Essa distinção por data é considerada a chave para evitar recolhimento em sistema errado e, consequentemente, pendências de regularização que podem aparecer em fiscalizações e auditorias.
A própria CAIXA ainda mantém orientação de que guias relacionadas a reclamatória trabalhista com códigos 650 e 660 continuam vinculadas ao ecossistema do SEFIP em cenários específicos.
Na rotina, isso pode gerar dois fluxos paralelos dentro do mesmo CNPJ, dependendo da data do marco do processo e do tipo de valor reconhecido.
- Verifique no processo a data do marco que aciona o recolhimento.
- Classifique se entra no corte de 30/04/2026 ou em 01/05/2026.
- Escolha o sistema correto antes de gerar guia e efetuar pagamento.
Como o eSocial entra na jogada: evento S-2500 e bases de FGTS
O recolhimento no FGTS Digital depende de declaração prévia no eSocial. O MTE reforça que devem ser informadas todas as bases de cálculo reconhecidas no processo e ainda não declaradas.
O alerta vale inclusive para bases relativas a valores quitados por guia emitida pela própria Vara do Trabalho, quando ainda houver parcela de base não declarada em GFIP ou eSocial.
Em casos de reconhecimento judicial de vínculo e desligamento a partir de 01/03/2024 sem registro prévio no eSocial, o MTE orienta que a empresa envie antes a admissão (S-2200) e o desligamento (S-2299).
A justificativa é permitir que o FGTS Digital “sensibilize” o vínculo e libere a geração de guia, viabilizando o recolhimento de multa e demais ajustes ligados ao processo.
- Documento-chave: evento S-2500 com bases reconhecidas.
- Quando não há vínculo: enviar S-2200 e S-2299 antes.
- Objetivo: habilitar o FGTS Digital para emitir guia corretamente.
O comunicado oficial do MTE sobre recolhimentos de FGTS em processos trabalhistas via FGTS Digital reúne os principais pontos técnicos do novo fluxo.
A orientação da CAIXA sobre o FGTS Digital também reforça a convivência de regras, com SEFIP ainda presente em cenários específicos.
Já a página do MTE sobre serviços do FGTS Digital para empregadores centraliza manuais, comunicados e atualizações do sistema.
Dúvidas Sobre recolhimento de FGTS em processos trabalhistas no FGTS Digital
A obrigatoriedade do FGTS Digital em reclamatórias trabalhistas mudou o caminho entre decisão/acordo, eSocial e emissão de guia. As perguntas abaixo ajudam a identificar o sistema correto e evitar retrabalho em maio de 2026.

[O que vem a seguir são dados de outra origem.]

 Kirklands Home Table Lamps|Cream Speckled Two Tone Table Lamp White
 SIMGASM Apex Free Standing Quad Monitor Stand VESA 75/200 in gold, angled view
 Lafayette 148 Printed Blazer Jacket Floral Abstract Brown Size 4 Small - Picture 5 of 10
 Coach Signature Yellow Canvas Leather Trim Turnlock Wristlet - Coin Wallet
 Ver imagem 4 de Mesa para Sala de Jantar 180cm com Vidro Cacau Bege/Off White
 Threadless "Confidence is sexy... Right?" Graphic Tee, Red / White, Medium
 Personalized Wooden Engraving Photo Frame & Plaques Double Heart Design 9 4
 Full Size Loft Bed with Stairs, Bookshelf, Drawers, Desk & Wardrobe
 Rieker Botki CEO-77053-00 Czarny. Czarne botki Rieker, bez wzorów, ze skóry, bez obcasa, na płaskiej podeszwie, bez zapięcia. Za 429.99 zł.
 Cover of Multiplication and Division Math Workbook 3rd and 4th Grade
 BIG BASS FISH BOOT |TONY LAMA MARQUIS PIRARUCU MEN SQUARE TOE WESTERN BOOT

Se a sentença foi em 30/04/2026, ainda posso pagar no FGTS Digital?
Em regra, não: sentenças e acordos com marco até 30/04/2026 seguem pelas guias SEFIP/GFIP 660. O FGTS Digital passa a ser obrigatório quando o marco ocorre a partir de 01/05/2026.
O que acontece se eu não enviar o S-2500 antes de tentar recolher?

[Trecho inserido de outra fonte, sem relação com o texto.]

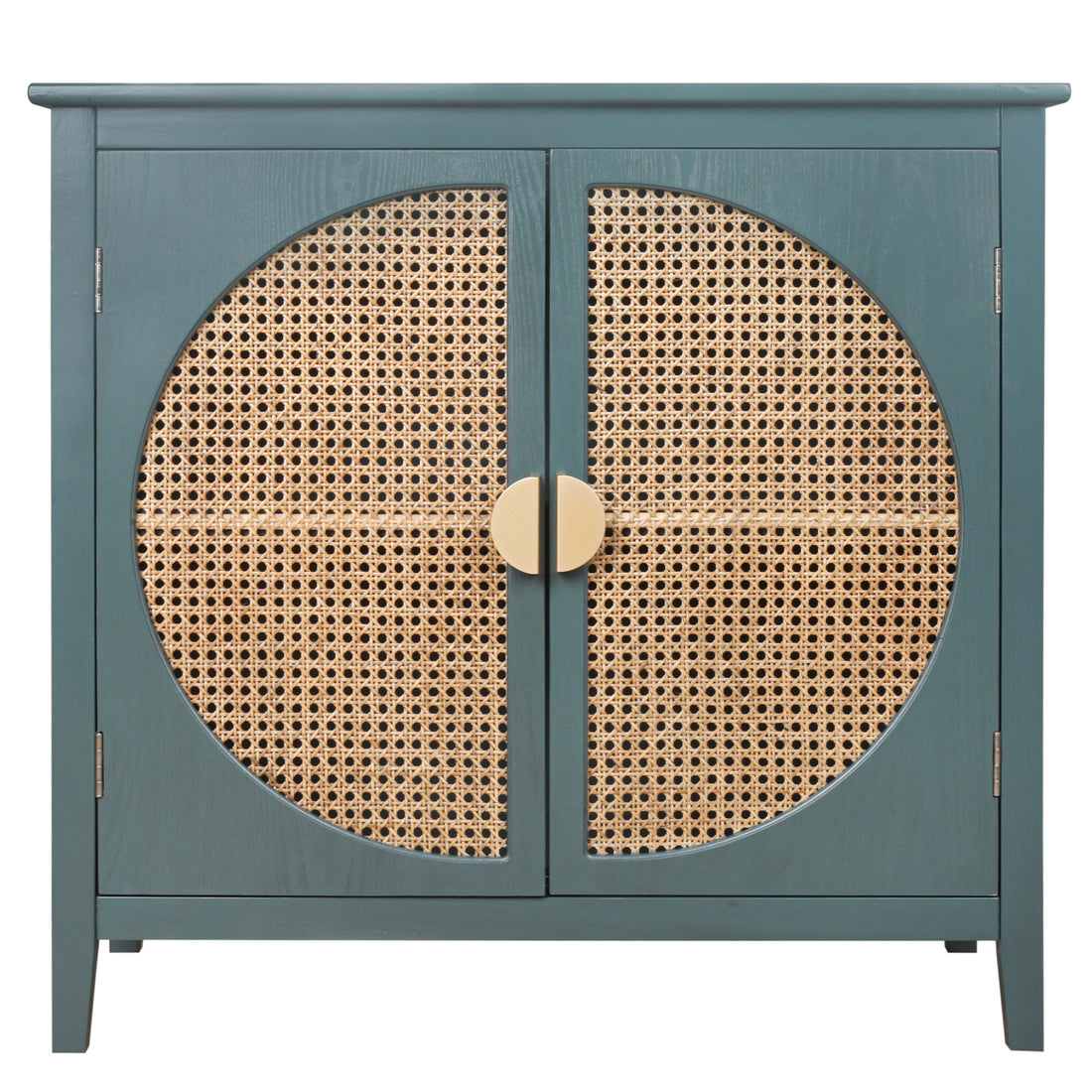 2 Doors Cabinet With Natural Rattan Weaving-1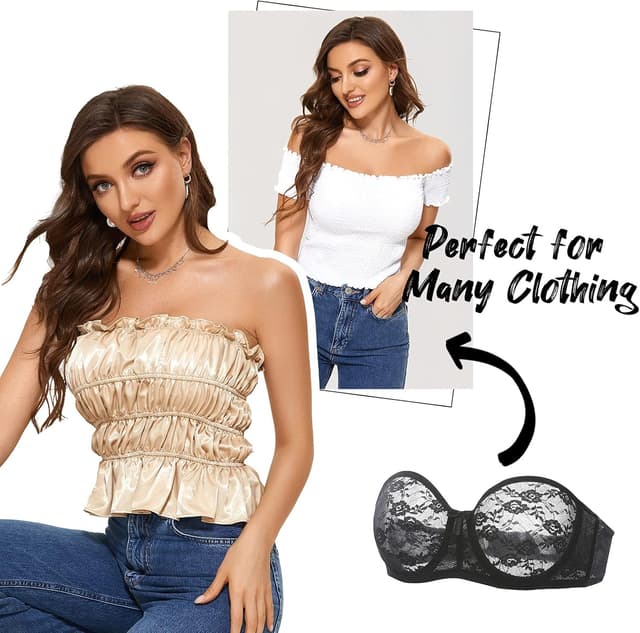 Detalle 2 de Soutien-gorge bandeau transparent grande taille avec armatures DOBREVA Femme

Você pode não conseguir emitir a guia corretamente no FGTS Digital, porque o sistema depende da informação prestada no eSocial. Sem o S-2500 (quando cabível), a base de cálculo do processo pode não ser reconhecida para arrecadação.
Quando preciso mandar S-2200 e S-2299 junto com o processo trabalhista?
Quando houver reconhecimento judicial de vínculo e desligamento a partir de 01/03/2024 sem registro prévio no eSocial. Nesses casos, o envio de admissão (S-2200) e desligamento (S-2299) ajuda o FGTS Digital a liberar a guia do processo.